CXM is intrigued by the idea of companies “breaking up” with their poor-fit customers, instead of the other way around. Therefore, when this report came across our digital desks, we knew we had to share it. 

Gartner, Inc reveals that by 2025, 75% of companies will “break up” with poor-fit customers as the cost of retaining them eclipses good-fit customer acquisition costs. 

What does “breaking up” with a poor fit customer mean? 

When “breaking up” with a poor-fit customer, organizations proactively end the relationship on their own terms rather than waiting for the customer to end the relationship.  

This shift will expose silos among customer-facing functions, as a customer breakup strategy must be developed cross-functionally. This will force leaders in sales, marketing, customer service and customer experience (CX) to collaboratively execute a common customer-facing strategy. 

“Business leaders are starting to recognize how costly keeping a poor-fit customer can be for business, such as custom-made solutions and outsize time spent on servicing,” said Neha Ahuja, director, team manager in the Gartner Marketing practice

Why “break up” with poor-fit customers?  

Gartner’s research shows that all functions must agree on a common set of attributes that define a poor-fit customer and then determine how each of those attributes would appear in related functions. Functional leaders must also adjust their teams’ processes to deselect poor-fit customers.  

For example, customer service and support leaders will need to rethink their routing and queuing processes and ensure reps don’t give preferential treatment to poor-fit customers. Marketing teams will need to adjust their advertising strategies to deliberately deprioritize customers who are not a good long-term fit for the organization, instead of repeatedly marketing to every existing customer. 

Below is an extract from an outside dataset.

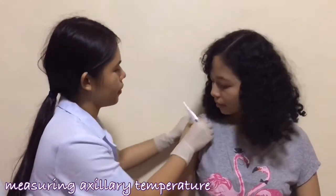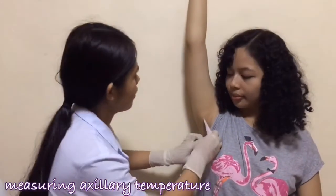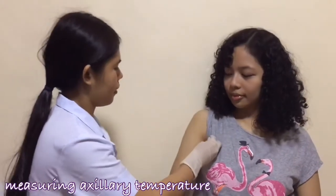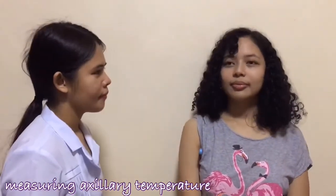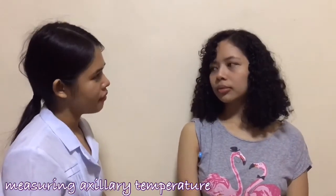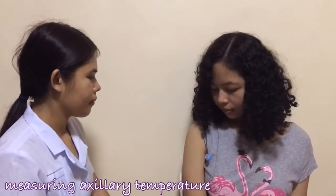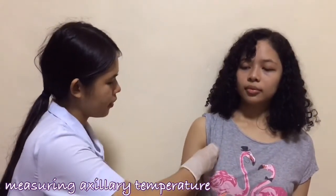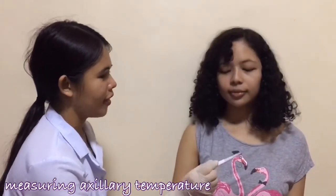I will just lift up your sleeves a little bit. Could you please raise your arm? And now you can put it down and hold the thermometer here until it beeps. Just lift up your arm. Your temperature is 36.1 and it is normal.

“Organizations cannot overlook how poor-fit customers impact the bottom line in different ways: emotional toll on employees, brand and credibility risks, and misallocation of resources. Once a ‘fit’ measure is established, organizations will need to determine a threshold beyond which to break up with a customer that makes financial sense, said Emily Potosky, senior principal, research in the Gartner Customer Service & Support practice.” 

How to “break up” with poor-fit customers 

As organizations explore breaking up with this customer segment, Gartner recommends the following to align across teams: 

  • Create a customer-fit score to inform actions to take with a customer, such as deciding to further grow the relationship, maintain the relationship or break up with the customer. 
  • Work closely with the CFO and the CFO’s team to ensure the organization’s ability to adequately grow business with, and acquire, good-fit customers to compensate for the loss of revenue from poor-fit customers. 
  • Adjust organizational KPIs, including employee incentives, to include customer breakups along with growth targets. 
  • Communicate the breakup strategy to the board and investors to ensure they understand that any reduction in overall retention is intentional and done to improve the company’s growth. 
  • Revise retention targets to centre on the percentage of good-fit customers retained, not overall customers retained.